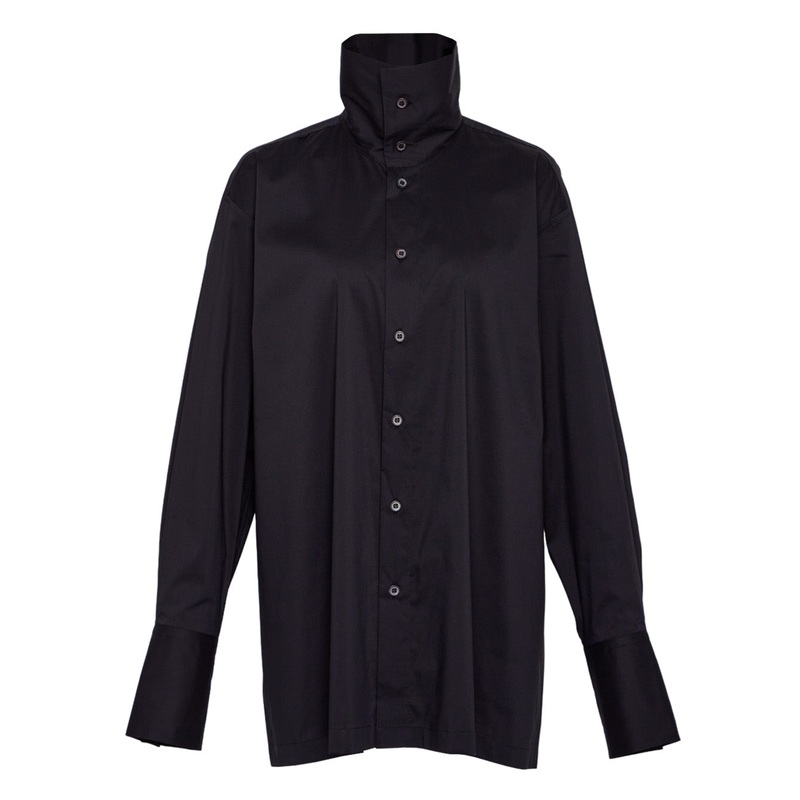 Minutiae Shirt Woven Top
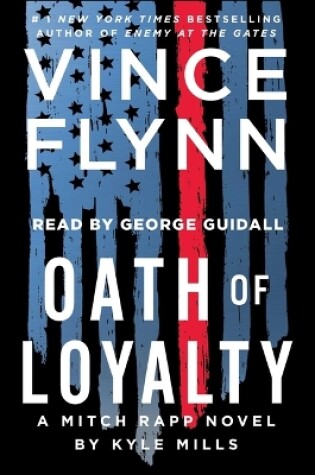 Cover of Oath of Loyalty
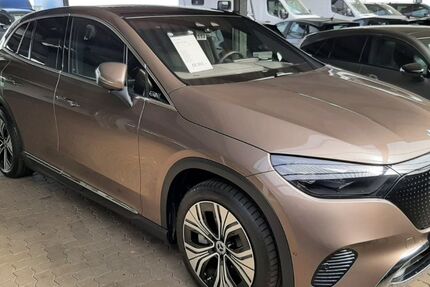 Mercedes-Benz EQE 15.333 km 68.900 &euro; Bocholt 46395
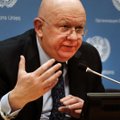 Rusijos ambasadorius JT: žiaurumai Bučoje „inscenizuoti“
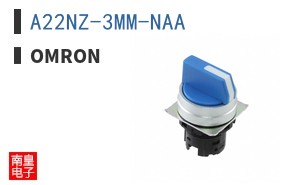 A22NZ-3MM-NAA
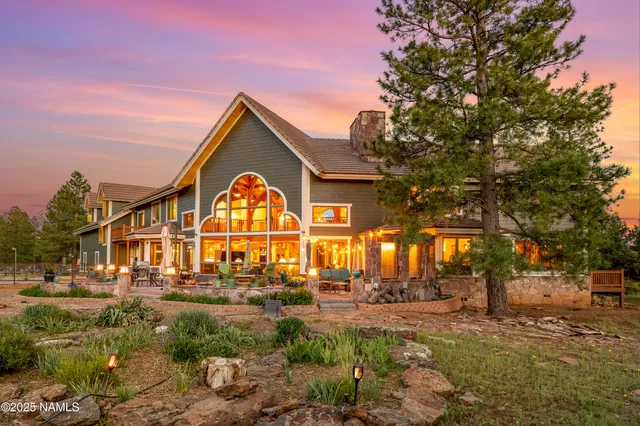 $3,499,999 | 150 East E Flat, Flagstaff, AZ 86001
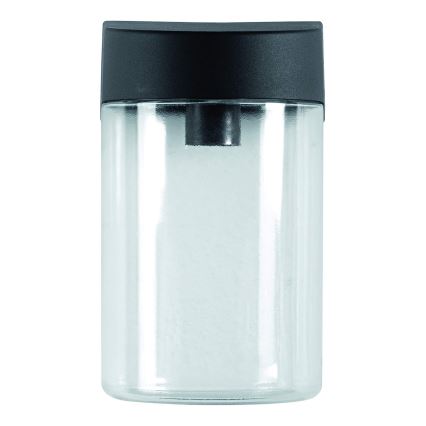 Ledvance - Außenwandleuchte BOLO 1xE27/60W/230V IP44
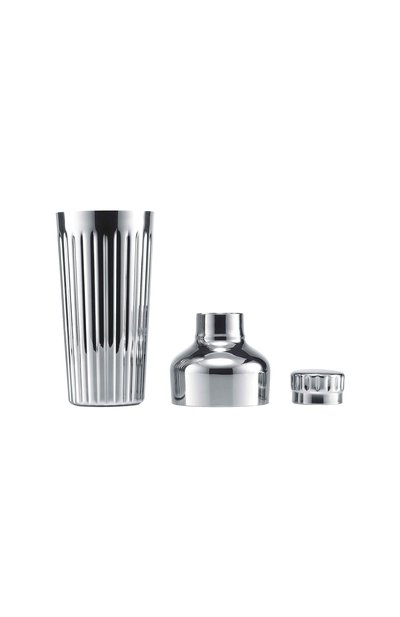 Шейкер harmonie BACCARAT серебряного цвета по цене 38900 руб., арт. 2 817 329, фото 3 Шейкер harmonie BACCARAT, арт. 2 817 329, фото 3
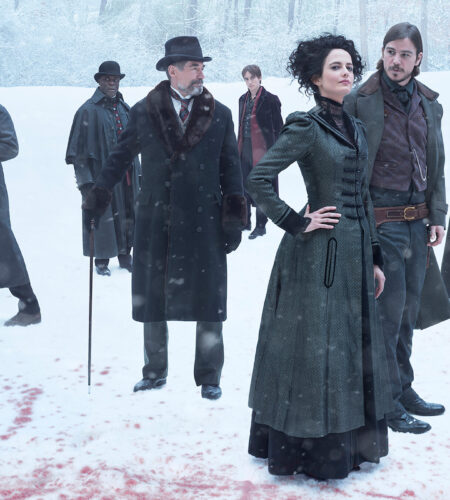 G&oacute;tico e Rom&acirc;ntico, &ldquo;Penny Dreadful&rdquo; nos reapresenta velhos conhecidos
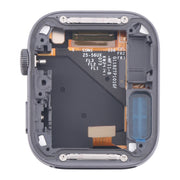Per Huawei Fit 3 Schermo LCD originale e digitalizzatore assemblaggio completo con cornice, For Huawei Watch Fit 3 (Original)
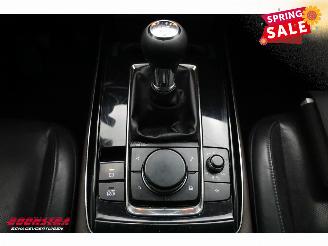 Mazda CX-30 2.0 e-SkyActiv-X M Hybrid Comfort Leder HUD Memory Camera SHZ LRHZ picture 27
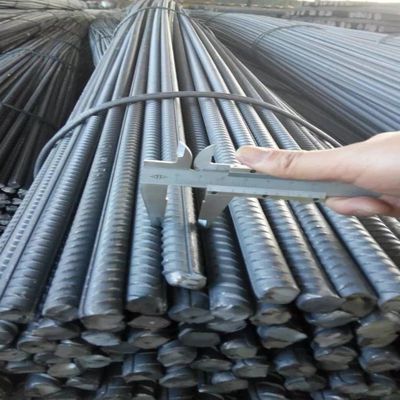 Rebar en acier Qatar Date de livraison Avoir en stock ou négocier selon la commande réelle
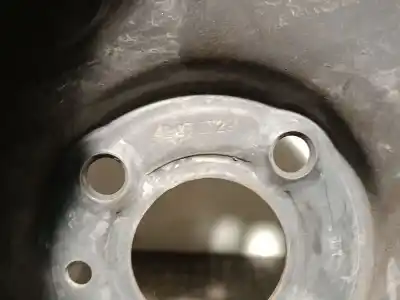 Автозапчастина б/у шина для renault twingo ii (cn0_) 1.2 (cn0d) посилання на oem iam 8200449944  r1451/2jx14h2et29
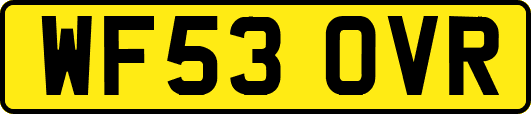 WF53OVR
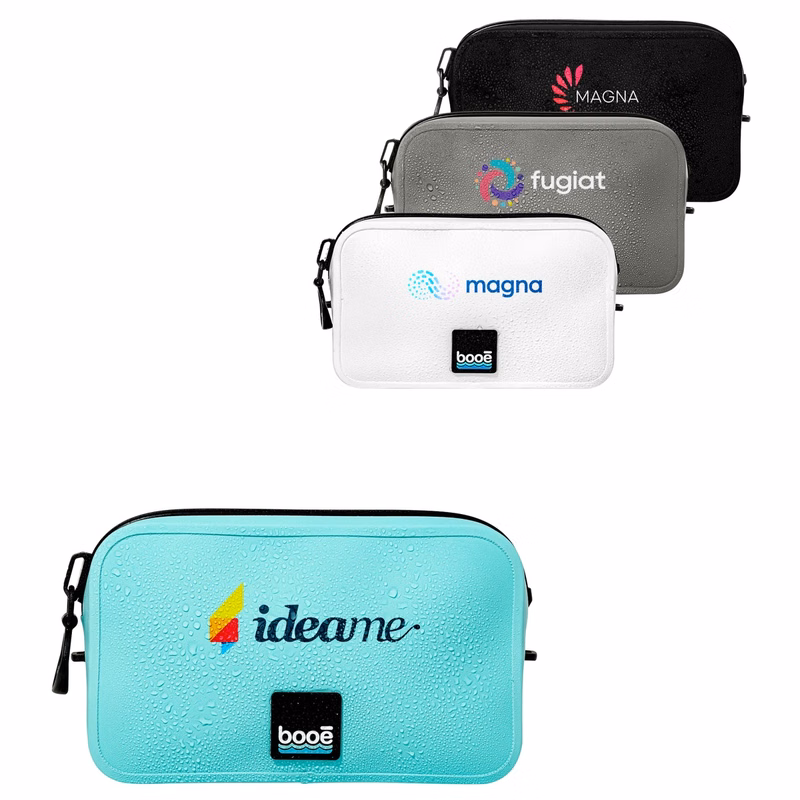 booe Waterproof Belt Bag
-------------------------
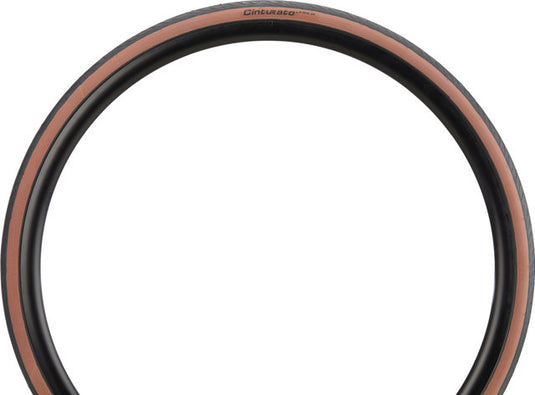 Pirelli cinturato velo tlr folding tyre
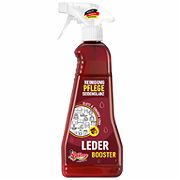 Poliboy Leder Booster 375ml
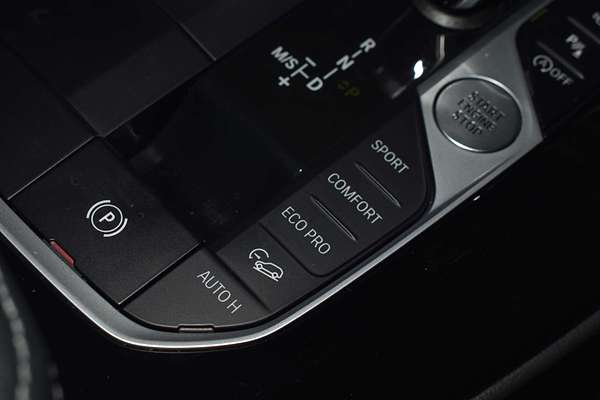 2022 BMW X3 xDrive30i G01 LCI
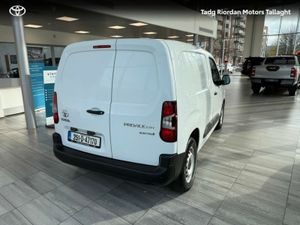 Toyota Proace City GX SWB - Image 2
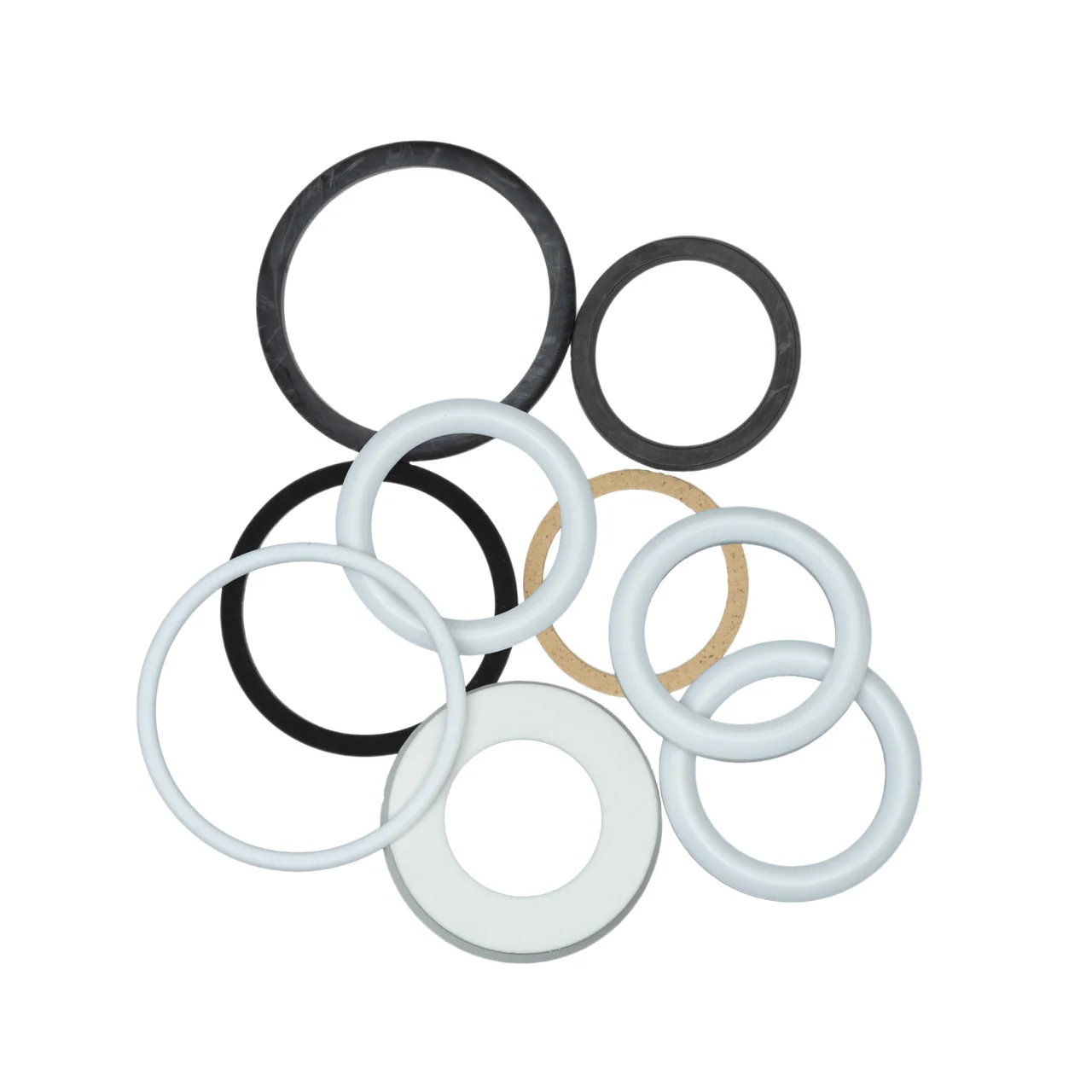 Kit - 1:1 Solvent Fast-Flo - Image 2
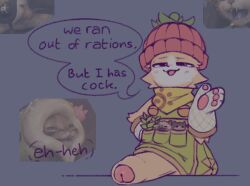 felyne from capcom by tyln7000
-------------------------
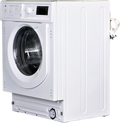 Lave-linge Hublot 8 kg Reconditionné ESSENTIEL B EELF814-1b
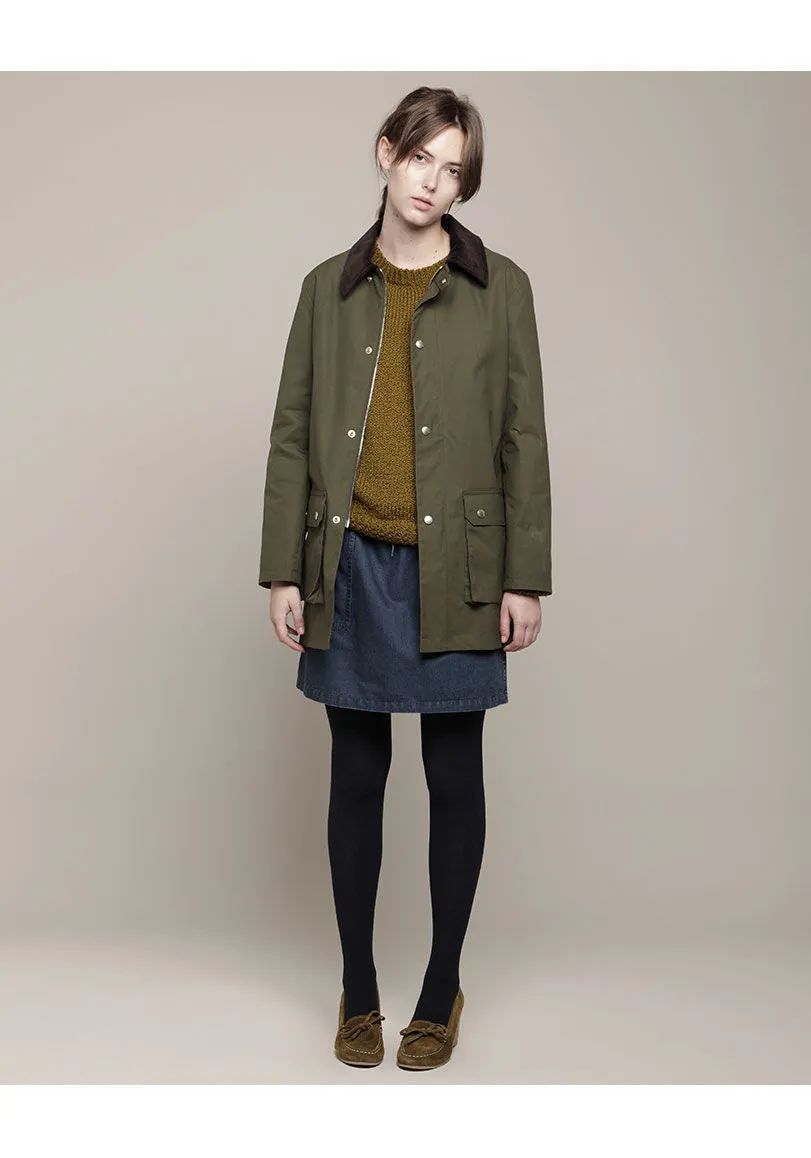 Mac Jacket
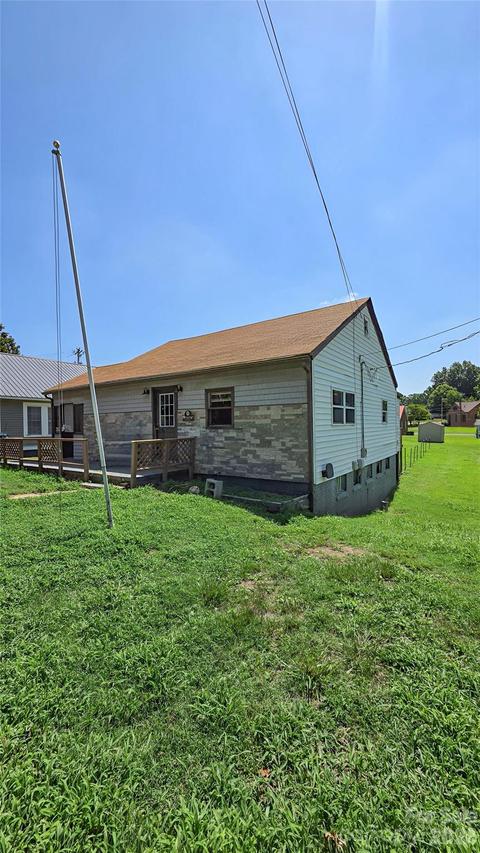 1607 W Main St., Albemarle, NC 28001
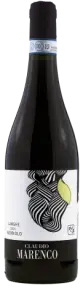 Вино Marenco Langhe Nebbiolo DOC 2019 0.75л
-------------------------
Task goal: In the listing above, find the line with "Per Huawei Fit" and output it and every line after it up to and including the line with "booe Waterproof Belt Bag", exactly, minus the pictures.

Written answer:
Per Huawei Fit 3 Schermo LCD originale e digitalizzatore assemblaggio completo con cornice, For Huawei Watch Fit 3 (Original)
 Mazda CX-30 2.0 e-SkyActiv-X M Hybrid Comfort Leder HUD Memory Camera SHZ LRHZ picture 27
 Rebar en acier Qatar Date de livraison Avoir en stock ou négocier selon la commande réelle
 Автозапчастина б/у шина для renault twingo ii (cn0_) 1.2 (cn0d) посилання на oem iam 8200449944  r1451/2jx14h2et29
 WF53OVR
 booe Waterproof Belt Bag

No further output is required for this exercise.